Post year end, Autolus presented interim results from the ongoing Phase 1 CARPALL trial (Pediatric Acute Lymphoblastic Leukaemia) of AUTO1. Updated AUTO1 data showed comparable to better persistence and survival of patients comparable to Kymriah, all with a better safety profile. This is despite the fact that the study included patients post CD19 and CD22 targeted therapies, which were excluded from the Kymriah trial. Data is supportive for the company's activities in adult patients with first update scheduled for April 2019. The company expects to see full Phase 1 data from AUTO1, AUTO2 and AUTO3 programmes by the end of 2019, with initial AUTO4 data in H2. (See case study for more details.)

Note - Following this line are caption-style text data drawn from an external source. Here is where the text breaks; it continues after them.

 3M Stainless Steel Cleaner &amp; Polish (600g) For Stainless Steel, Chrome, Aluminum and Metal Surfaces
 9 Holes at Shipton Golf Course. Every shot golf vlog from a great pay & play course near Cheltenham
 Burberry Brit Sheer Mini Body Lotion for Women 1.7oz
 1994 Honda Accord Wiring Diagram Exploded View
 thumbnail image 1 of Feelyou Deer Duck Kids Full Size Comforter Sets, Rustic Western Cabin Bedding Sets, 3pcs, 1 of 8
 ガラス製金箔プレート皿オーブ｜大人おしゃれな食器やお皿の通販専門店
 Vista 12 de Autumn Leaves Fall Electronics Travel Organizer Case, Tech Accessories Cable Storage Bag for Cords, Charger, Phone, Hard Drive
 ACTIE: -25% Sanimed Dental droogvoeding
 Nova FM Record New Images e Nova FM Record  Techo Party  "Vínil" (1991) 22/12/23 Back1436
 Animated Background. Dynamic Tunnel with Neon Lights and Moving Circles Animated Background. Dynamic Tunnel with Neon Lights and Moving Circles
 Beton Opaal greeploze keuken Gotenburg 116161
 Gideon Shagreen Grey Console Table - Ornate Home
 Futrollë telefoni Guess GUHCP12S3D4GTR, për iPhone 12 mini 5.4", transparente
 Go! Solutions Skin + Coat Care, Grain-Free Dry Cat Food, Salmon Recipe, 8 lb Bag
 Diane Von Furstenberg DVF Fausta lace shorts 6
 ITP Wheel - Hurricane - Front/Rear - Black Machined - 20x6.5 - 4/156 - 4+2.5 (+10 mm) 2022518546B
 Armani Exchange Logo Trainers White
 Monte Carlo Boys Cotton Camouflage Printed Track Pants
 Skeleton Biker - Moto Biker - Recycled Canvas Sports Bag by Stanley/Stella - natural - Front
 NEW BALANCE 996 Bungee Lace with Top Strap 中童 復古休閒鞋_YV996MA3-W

  • Positive Phase 1b/2 data
  • Phase 3 ready

Aura released positive data from the its Phase 1b/2 study with light-activated AU-011 in 2018. The study has shown that the drug was well tolerated, with clear evidence of tumour control and preservation of visual acuity at long term follow-up. This data provides the evidence that AU-011 can be a minimally invasive, in-office procedure with no radiation for early intervention of small lesions and tumours.

Post year end Aura announced that it has received written confirmation from the U.S. Food and Drug Administration (FDA) regarding agreement on the design of its Phase 3 trial; the result of a successful 'End of Phase 2' meeting with the FDA. In addition to the design of the Phase 3 trials, the FDA agreed with Aura's proposed safety database. The FDA also agreed that no further non-clinical studies are needed.


  • Dosed first patient in HPN424 Prostate Cancer Trial
  • Successful Series C at 68% uplift to Series B price
  • $81m IPO on NASDAQ post year end

Harpoon met a significant milestone this year, with the first patient dosed in its HPN424 prostate cancer trial. In November 2018, Harpoon completed a $70m Series C investment round at a 68% uplift to the Series B price resulting in a notable uplift to our holding. Arix invested $8m (£6.1m) in the round to retain an 11.3% stake.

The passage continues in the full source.